**Source records:**
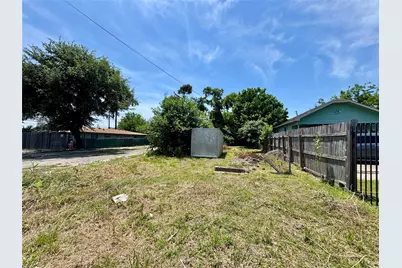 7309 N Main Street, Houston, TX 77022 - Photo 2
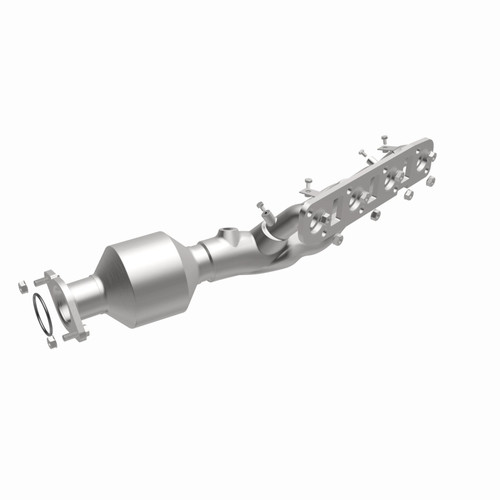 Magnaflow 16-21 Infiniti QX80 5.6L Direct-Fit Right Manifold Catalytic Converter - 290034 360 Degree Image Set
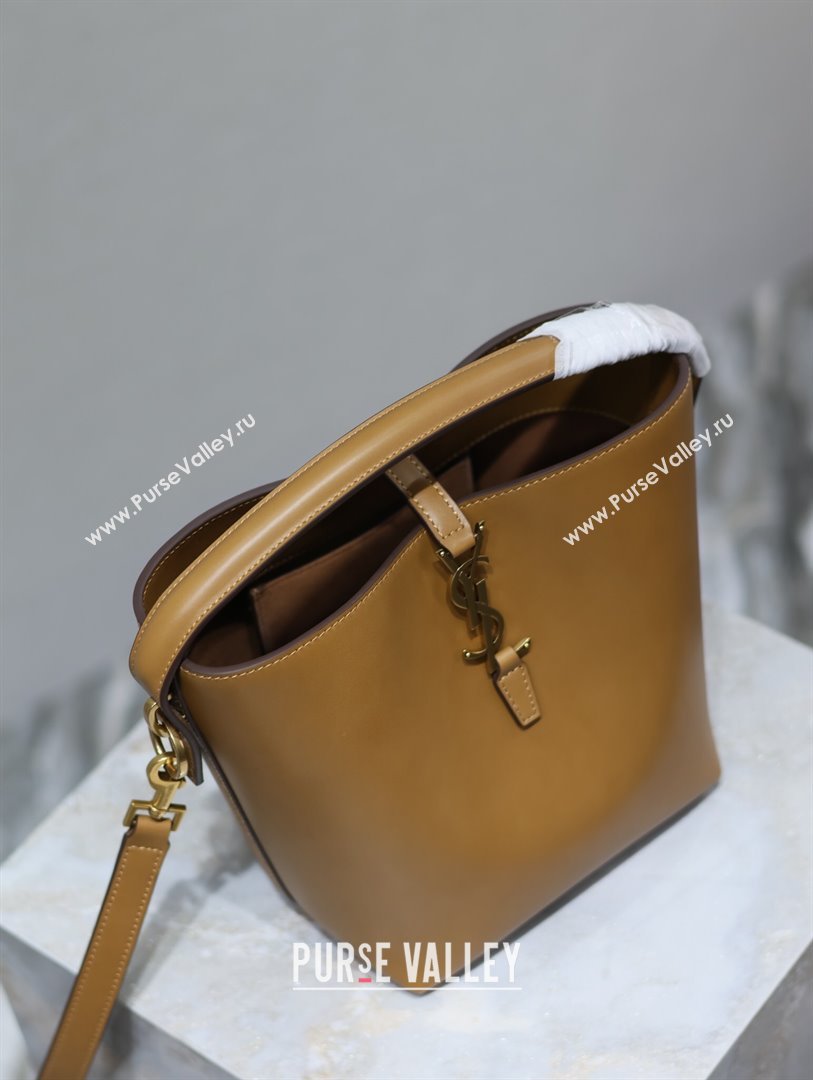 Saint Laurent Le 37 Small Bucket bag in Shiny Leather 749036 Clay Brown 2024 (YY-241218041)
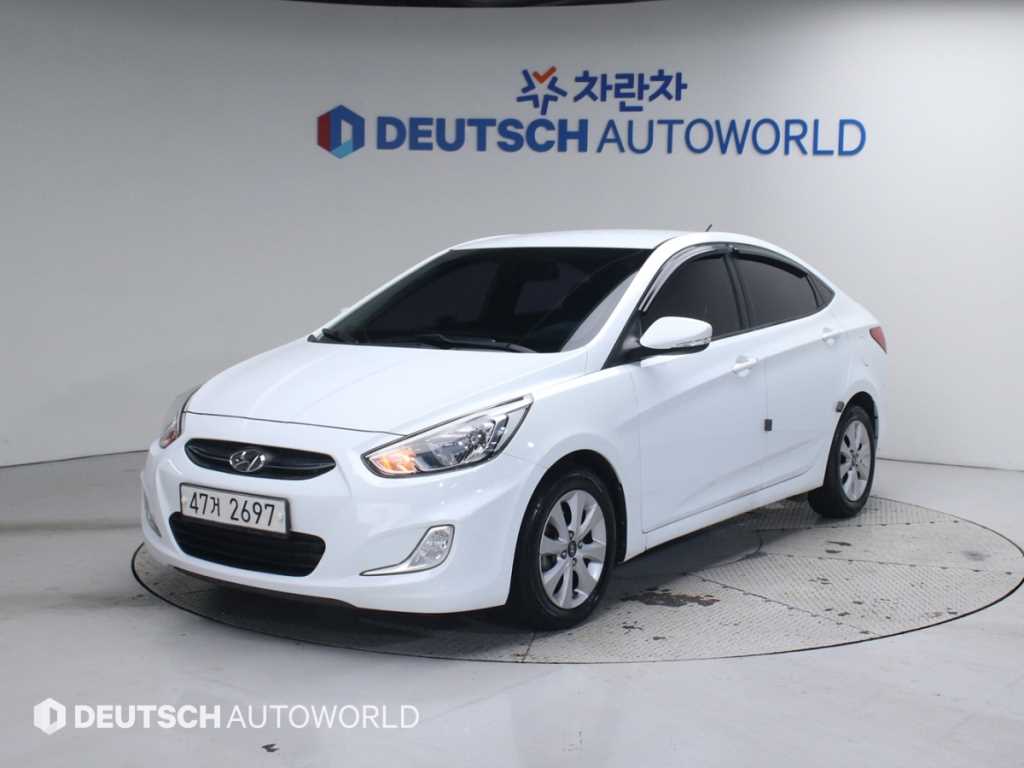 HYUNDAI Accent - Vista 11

---

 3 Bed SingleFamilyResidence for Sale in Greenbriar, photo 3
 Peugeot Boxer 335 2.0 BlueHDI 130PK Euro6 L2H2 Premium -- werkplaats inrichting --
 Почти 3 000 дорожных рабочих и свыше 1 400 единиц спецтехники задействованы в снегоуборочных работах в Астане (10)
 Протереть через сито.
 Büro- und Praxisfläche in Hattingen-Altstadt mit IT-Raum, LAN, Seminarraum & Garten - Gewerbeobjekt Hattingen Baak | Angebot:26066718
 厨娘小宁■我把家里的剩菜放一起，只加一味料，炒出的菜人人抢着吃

--

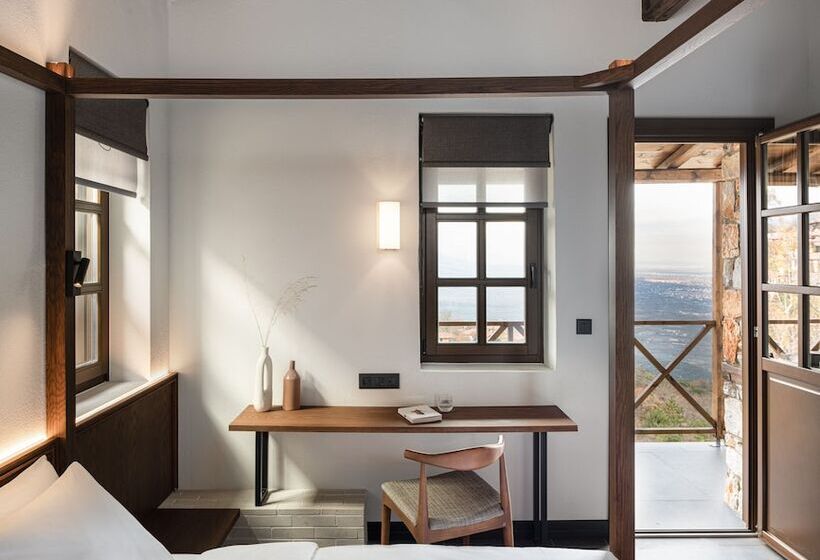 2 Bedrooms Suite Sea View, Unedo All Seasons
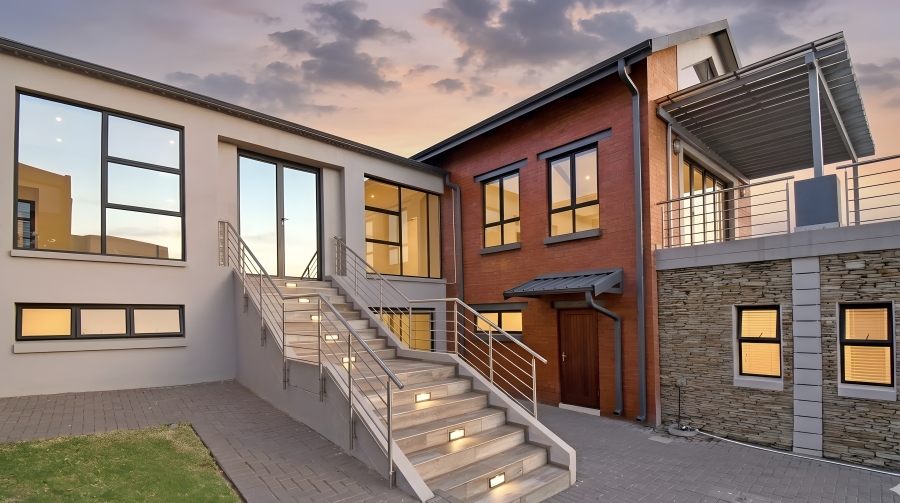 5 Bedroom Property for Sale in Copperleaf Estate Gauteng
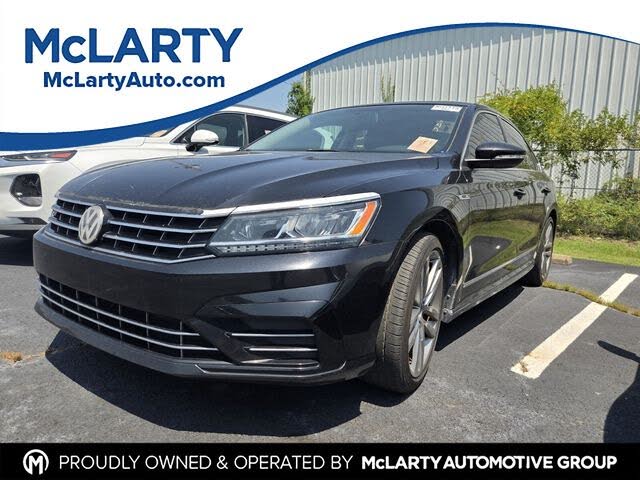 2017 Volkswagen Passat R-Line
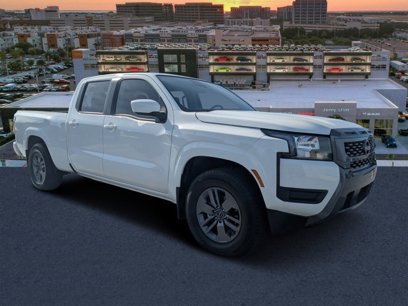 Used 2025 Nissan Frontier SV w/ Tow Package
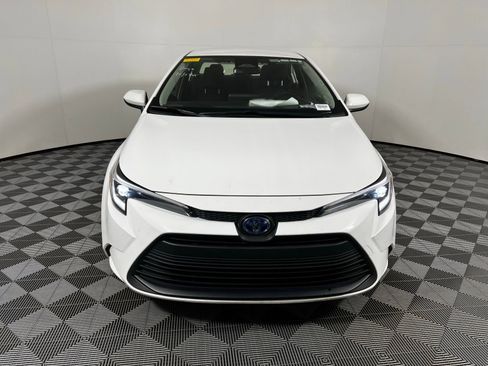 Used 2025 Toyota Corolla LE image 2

**Task brief:** Extract from the material above the stretch running from the line containing "2017 Volkswagen Passat R-Line" through the line containing "Used 2025 Toyota Corolla LE image 2". Keep the text exact and the pictures out.

**Answer to this exercise:**
 2017 Volkswagen Passat R-Line
 Used 2025 Nissan Frontier SV w/ Tow Package
 Used 2025 Toyota Corolla LE image 2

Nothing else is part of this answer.